*** Supplied material Section Begins ***

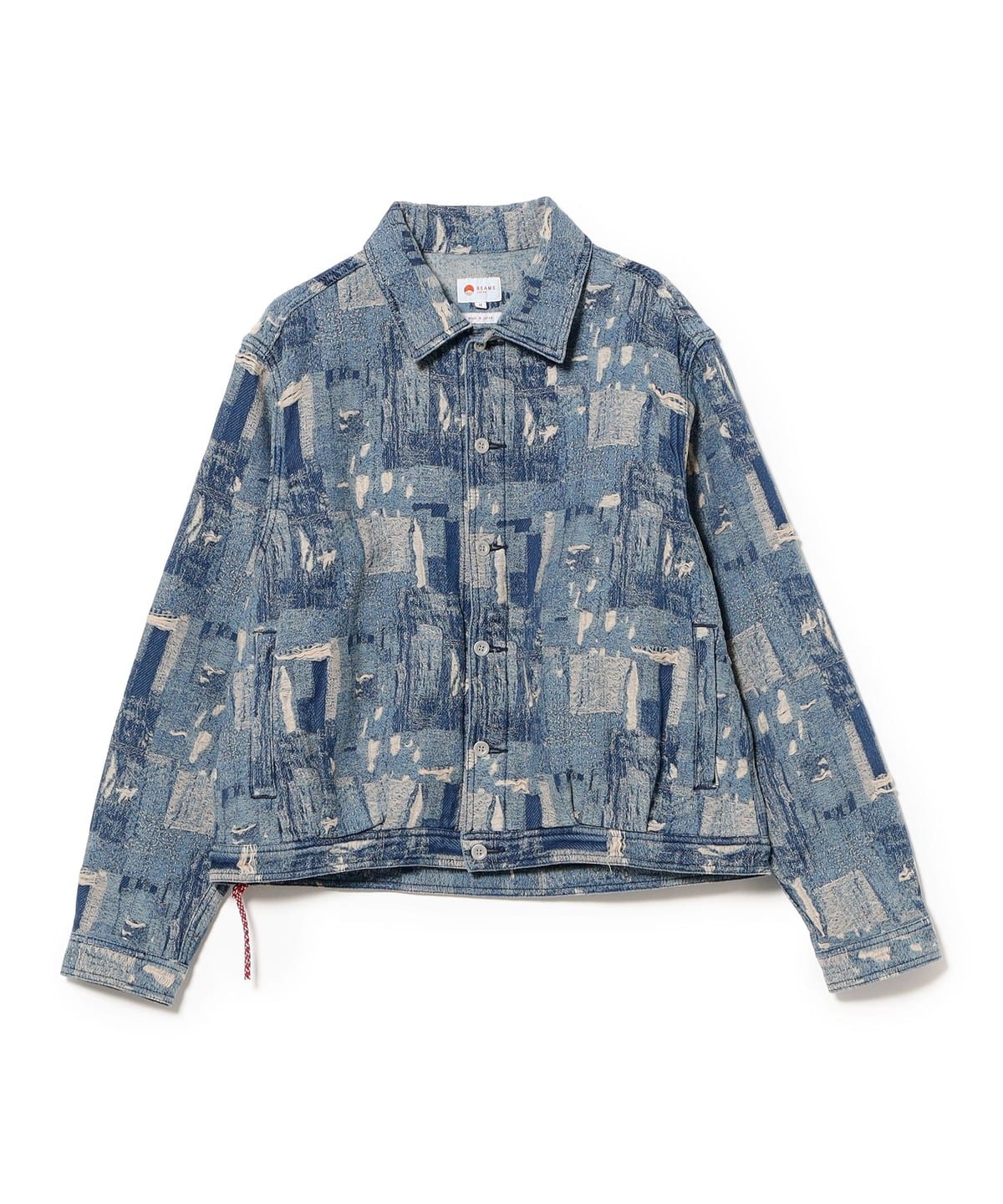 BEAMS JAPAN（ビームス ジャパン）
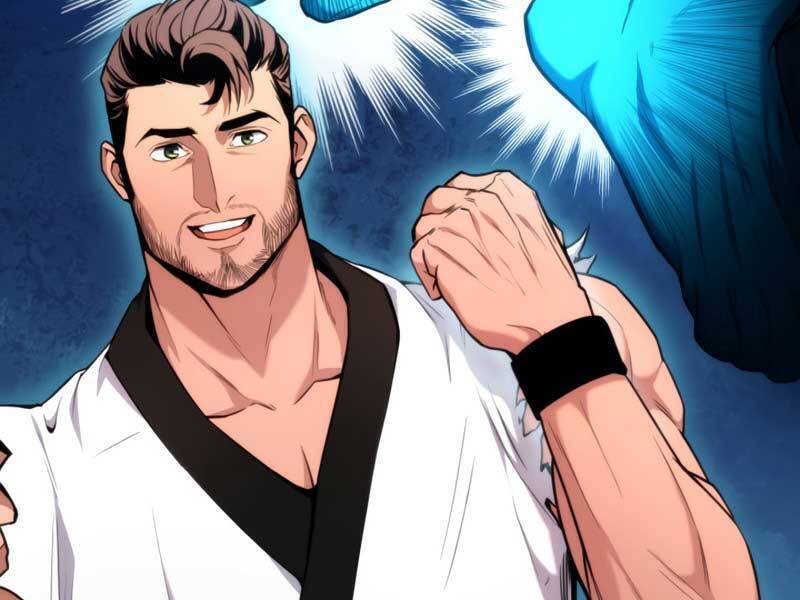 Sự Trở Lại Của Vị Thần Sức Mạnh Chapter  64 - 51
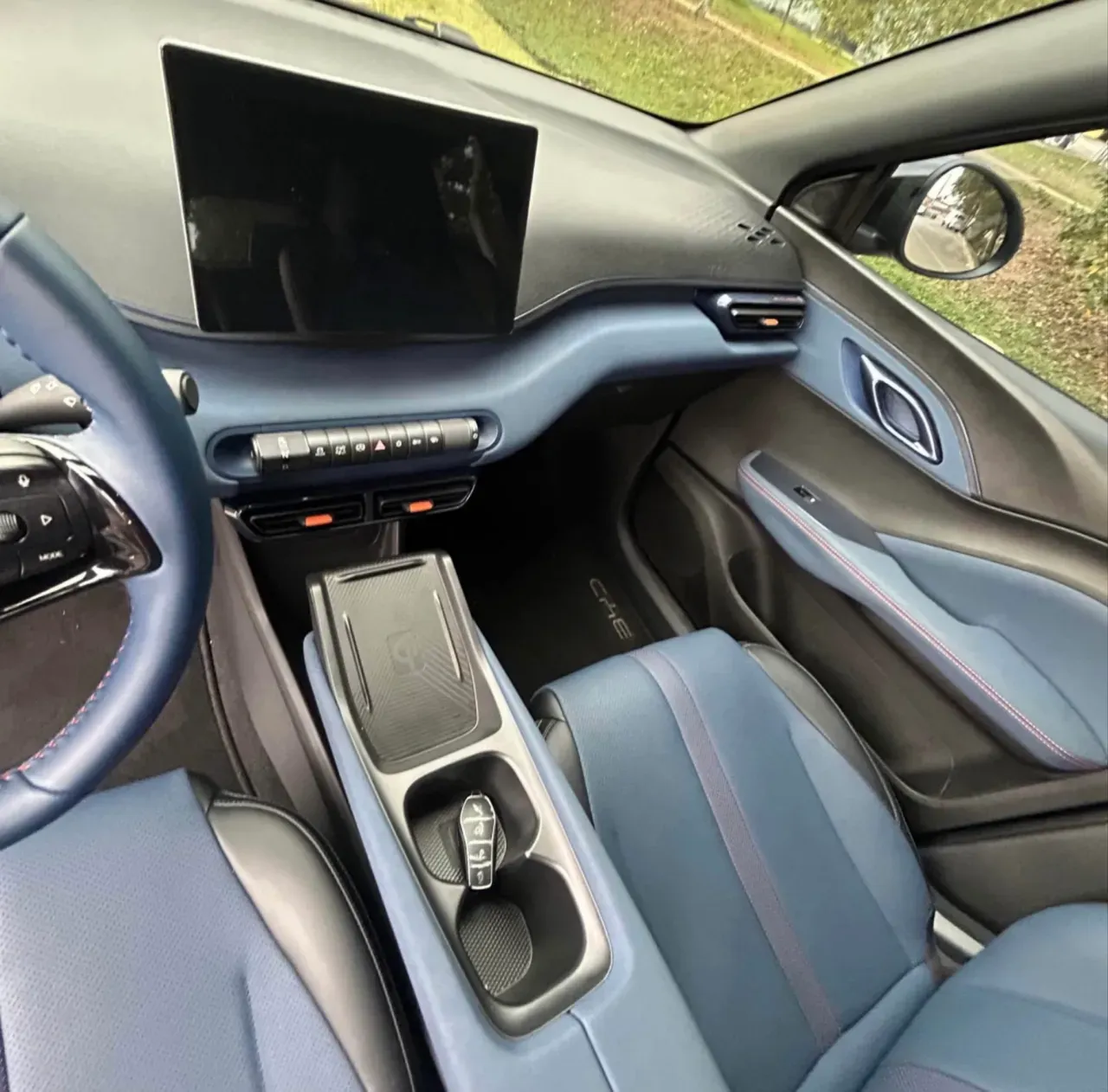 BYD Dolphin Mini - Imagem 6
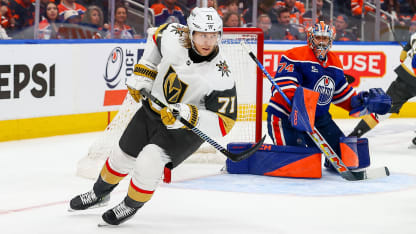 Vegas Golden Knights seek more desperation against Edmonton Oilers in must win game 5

*** Supplied material Section Ends ***

— Problem to work on —
Reproduce the lines from the one with "Sự Trở Lại Của" through the end of the data, keeping both end lines, adding nothing, and dropping any pictures.

— Expected output —
 Sự Trở Lại Của Vị Thần Sức Mạnh Chapter  64 - 51
 BYD Dolphin Mini - Imagem 6
 Vegas Golden Knights seek more desperation against Edmonton Oilers in must win game 5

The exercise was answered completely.